Available data below:

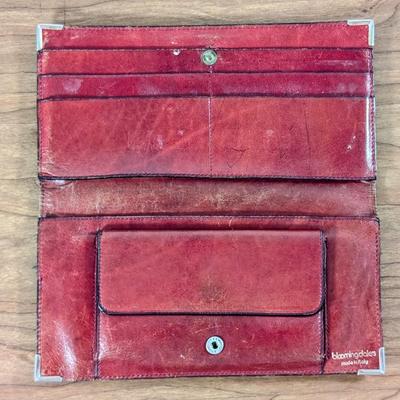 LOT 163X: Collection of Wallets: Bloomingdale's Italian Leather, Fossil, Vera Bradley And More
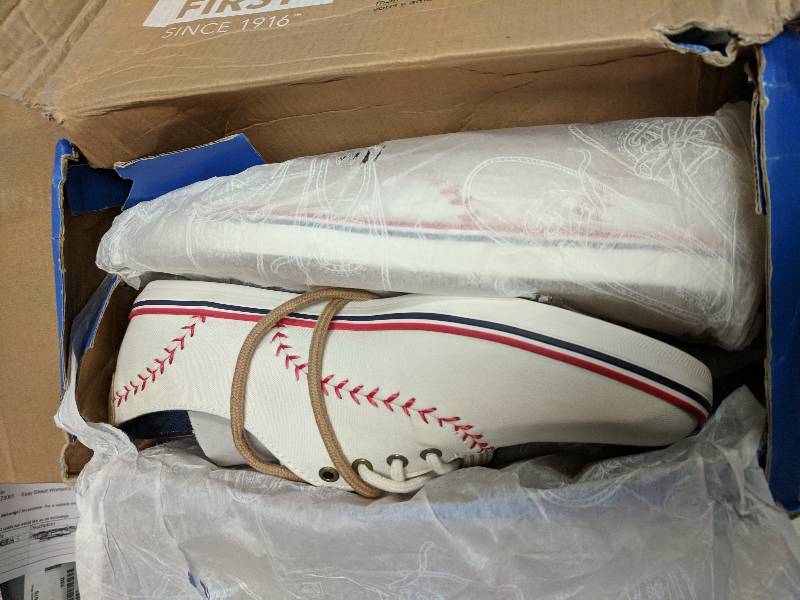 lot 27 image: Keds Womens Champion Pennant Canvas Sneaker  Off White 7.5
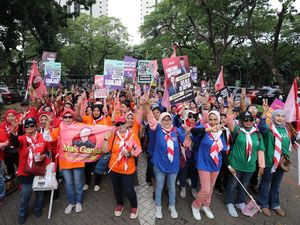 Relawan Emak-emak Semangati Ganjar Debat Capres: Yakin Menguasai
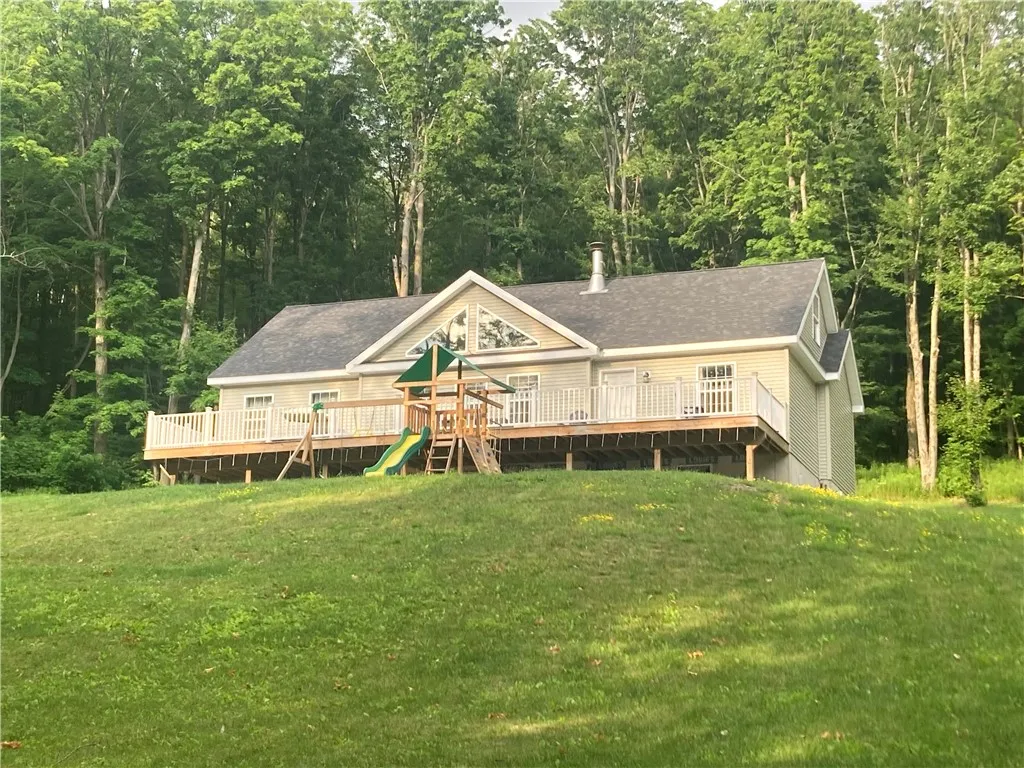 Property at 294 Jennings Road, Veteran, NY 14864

End of Available data.
Available data below:

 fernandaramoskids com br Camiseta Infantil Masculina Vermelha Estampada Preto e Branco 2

End of Available data.

▶ _Task to carry out_: Transcribe only this stretch of the data: the line with "Relawan Emak-emak Semangati", the line with "Property at 294", and every line in between. Leave out the pictures.

▶ _Answer to this problem_:
 Relawan Emak-emak Semangati Ganjar Debat Capres: Yakin Menguasai
 Property at 294 Jennings Road, Veteran, NY 14864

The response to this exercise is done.